A pair of recordings arrived in 2002: the duo Birds on Incus with Bailey and the Courvoisier project Passaggio that also featured bassist Joëlle Léandre, while Mephista delivered Black Narcissus. She performed on a Tzadik recording of Zorn’s Cobra. The 2003 Tone Time project paired her with Mark Dresser, and she returned to Tzadik in 2004 for Folkloriko. Exceptionally active years followed in 2004 and 2005, during which eight separate recording sessions interrupted an already full touring calendar.
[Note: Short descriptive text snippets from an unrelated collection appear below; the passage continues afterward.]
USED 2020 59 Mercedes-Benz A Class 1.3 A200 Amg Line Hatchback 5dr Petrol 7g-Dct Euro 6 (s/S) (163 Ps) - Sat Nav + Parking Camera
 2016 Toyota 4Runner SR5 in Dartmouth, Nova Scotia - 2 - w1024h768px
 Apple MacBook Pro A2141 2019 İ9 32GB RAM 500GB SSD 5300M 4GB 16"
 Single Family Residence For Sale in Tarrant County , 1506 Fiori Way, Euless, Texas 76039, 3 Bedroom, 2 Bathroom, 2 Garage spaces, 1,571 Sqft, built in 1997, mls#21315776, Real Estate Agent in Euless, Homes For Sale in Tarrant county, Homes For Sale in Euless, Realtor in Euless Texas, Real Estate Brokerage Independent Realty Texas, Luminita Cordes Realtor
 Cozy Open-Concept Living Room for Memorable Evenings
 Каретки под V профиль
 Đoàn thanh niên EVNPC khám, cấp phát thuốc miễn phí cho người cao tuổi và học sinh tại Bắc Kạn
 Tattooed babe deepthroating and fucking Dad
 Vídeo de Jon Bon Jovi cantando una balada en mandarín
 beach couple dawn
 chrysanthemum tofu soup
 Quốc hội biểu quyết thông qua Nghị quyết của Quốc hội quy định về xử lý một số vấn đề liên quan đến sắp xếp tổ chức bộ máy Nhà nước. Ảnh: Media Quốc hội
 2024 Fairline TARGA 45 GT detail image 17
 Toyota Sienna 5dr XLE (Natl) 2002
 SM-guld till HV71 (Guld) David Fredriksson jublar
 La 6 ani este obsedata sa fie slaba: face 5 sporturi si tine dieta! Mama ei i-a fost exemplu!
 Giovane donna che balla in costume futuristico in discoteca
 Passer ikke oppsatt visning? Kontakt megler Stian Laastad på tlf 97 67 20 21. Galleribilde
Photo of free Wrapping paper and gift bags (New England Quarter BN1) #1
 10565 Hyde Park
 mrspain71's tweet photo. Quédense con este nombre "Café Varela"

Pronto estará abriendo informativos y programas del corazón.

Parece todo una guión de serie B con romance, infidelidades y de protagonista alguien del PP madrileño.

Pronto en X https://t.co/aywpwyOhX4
Innova released the solo percussion album Drum Sketches in 2007; the next year she held the drum position on Lisle Ellis’s Sucker Punch Requiem: An Homage to Jean-Michel Basquiat. As a member of Smith’s Golden Quartet she participated in the extended work Ten Freedom Summers, which reached the Pulitzer Prize in Music finals in 2013. That year she also played drums and xylophone on pianist Yuko Fujiyama’s Night Wave quartet date alongside Choi and cornetist Graham Haynes. Premieres of her own large-scale compositions occurred at festivals, among them the Earth Day 2013 commission Circadian Rhythms, scored for eighty percussionists and 8.1 surround sound drawn from Macaulay Library field recordings; the 2014 Ecstatic Music Festival commission We Float, created with singer-songwriter Mirah as a sonic narrative of space exploration; and The Cotabato Sessions, a digital music film and album documenting a single family’s kulintang gong-chime legacy in Mindanao, Philippines. In 2014 she was named a TEDFellow. The subsequent year she composed and performed Mirrors and Water, a work and sonic installation created for Ai Wei Wei’s Circle of Animals/Zodiac Signs at the National Museum of Wildlife Art sculpture trail in Jackson, Wyoming. She joined trumpeter Dave Douglas and guitarist Marc Ribot for the Greenleaf Music album New Sanctuary Trio and created the mobile-app soundwalk Musical Water Routes in the Medina of Fez in collaboration with architect Aziza Chaouni, unveiled at the 2016 Sacred Music Festival of Fez. Two albums appeared in 2018: the February Decibel release Perception, credited to her Dreamtime Ensemble with cellist Yves Dharamraj, electronicist Jean-Luc Sinclair, pianist and guitarist Jake Landau, violinist Choi, and vocalist Claudia Acuña; and the Thrill Jockey trio date Flower of Sulphur featuring Robert Aiki Aubrey Lowe (aka Lichens) and Japanese percussionist/drummer YoshimiO.